After Northern Badger, the banking industry accepted the credit risk of enabling polluters and oil executives suddenly worried they were potentially on the hook for the cost of cleanup. The impact was dramatic.
It became inconceivable for lenders not to do an environmental audit before issuing new loans. Banks policed clients with diligence – regular pollution checks and in-depth investigations at any hint of trouble, the Calgary Herald reported in January 1992.
That all ended when Ralph Klein became premier in December 1992, closing the oilpatch’s brief 18-month window of accountability. The province’s power to make the polluter pay was traded away by his government for what became the Orphan Well Association.
The largely industry-funded OWA has so far cleaned up about 700 sites. Another quarter million wells have been drilled since Mr. Klein was sworn in as premier. There is virtually no funding set aside for the cleanup of those additional wells.
So the public will ultimately be on the hook for the environmental consequences of the oilpatch’s profit. This is what makes the Redwater Energy case currently before the Supreme Court of Canada so important to Canadians, wherever they live in Canada.
In lower court, Alberta Chief Justice Neil Wittmann took the view – which would certainly seem peculiar to lay people – that banks that lent millions without regard to cleanup liabilities were innocent third parties in bankruptcy and that polluting oil and gas companies were part of the public, so it would be no great injustice if taxpayers were left to fund cleanup while banks liquidated everything of value for themselves.
Regardless of the potential consequences, Alberta’s appeal court confirmed the now-retired chief justice’s ruling in a split decision, arguing, “The result … is not that the Alberta Energy Regulator cannot regulate end-of-life obligations, it just means the Regulator must not wait until an event of insolvency before doing so.”
But Alberta energy regulators have always based their management of end-of-life obligations on having control of revenue after insolvency to fund the cleanup, à la Northern Badger.
It may not yet be obvious to Albertans and other Canadians, but changing the rules this near to the end of the oil and gas game creates a crisis.

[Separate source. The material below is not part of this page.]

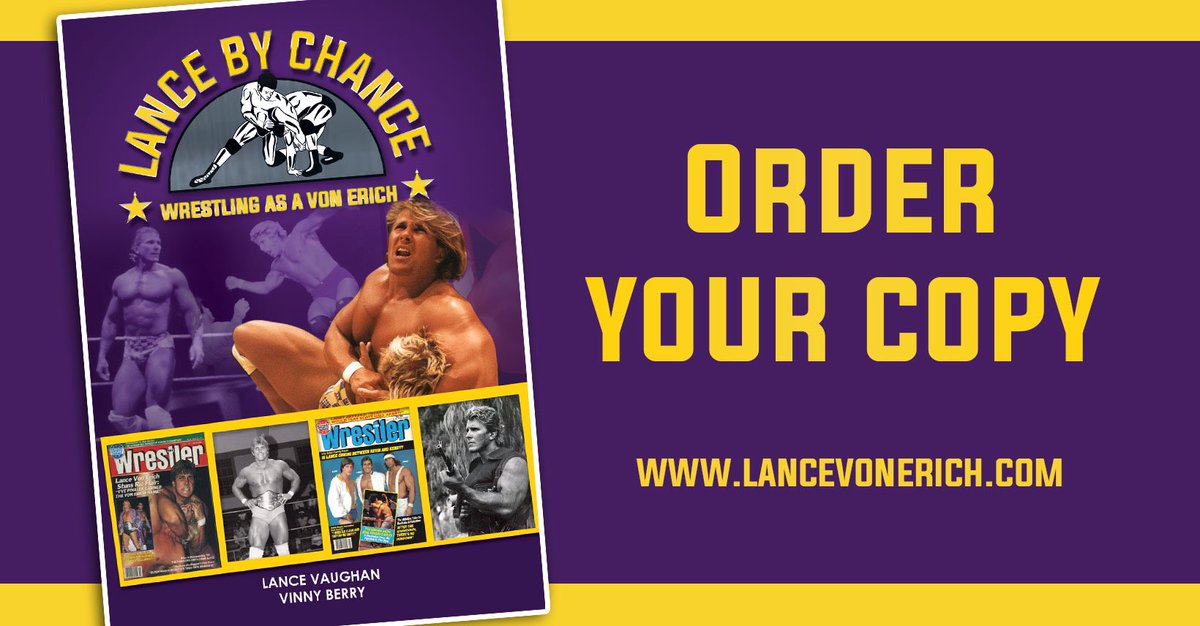 Vintagemarkspod's tweet photo. A brand new special podcast drops tomorrow morning. The guys talk to Lance By Chance author @erich_lance (Vinny Berry) about his book. A great conversation talking about Lance’s career and just how hot the Vin Erich were in Texas. https://t.co/UaYWNcDkLj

And not just for Alberta.
There is nothing specific to Alberta or oil and gas about the implications of the courts’ current interpretation of bankruptcy law. Every factory, mine, and pulp mill across the country will have a perverse incentive to run the company into the ground to escape the environmental consequences of their profit.

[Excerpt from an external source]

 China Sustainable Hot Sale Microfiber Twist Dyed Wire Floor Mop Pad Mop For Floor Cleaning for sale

The industry-aligned C.D. Howe Institute did the debate on these critical issues a disservice with its September 2017 report, which in the view of many experts seriously downplayed the scale of the liabilities threatening taxpayers.

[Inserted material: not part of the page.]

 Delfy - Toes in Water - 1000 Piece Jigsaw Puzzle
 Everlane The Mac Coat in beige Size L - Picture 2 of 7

The report, entitled All’s Well that Ends Well, credited the OWA as the source for the authors’ reclamation estimates. The report cited, however, actually put the cost 15 times higher than the figure the C.D. Howe Institute used for its partial tally of well liabilities.
The high-end estimate of the risk to taxpayers isn’t $8.6 billion, as suggested by the C.D. Howe report, but well north of $100 billion.
Add in the cleanup related to oilsands sites, pipelines, processing facilities and other contaminated areas, and you get the Energy Regulator’s $260 billion estimate – which many experts also think is low.
Because lenders and investors have been carrying on as if no one ever has to clean up, the Supreme Court’s Redwater decision will have a huge impact either way it goes.
There is no easy solution, but Canadians and Albertans need a serious and informed debate about our options.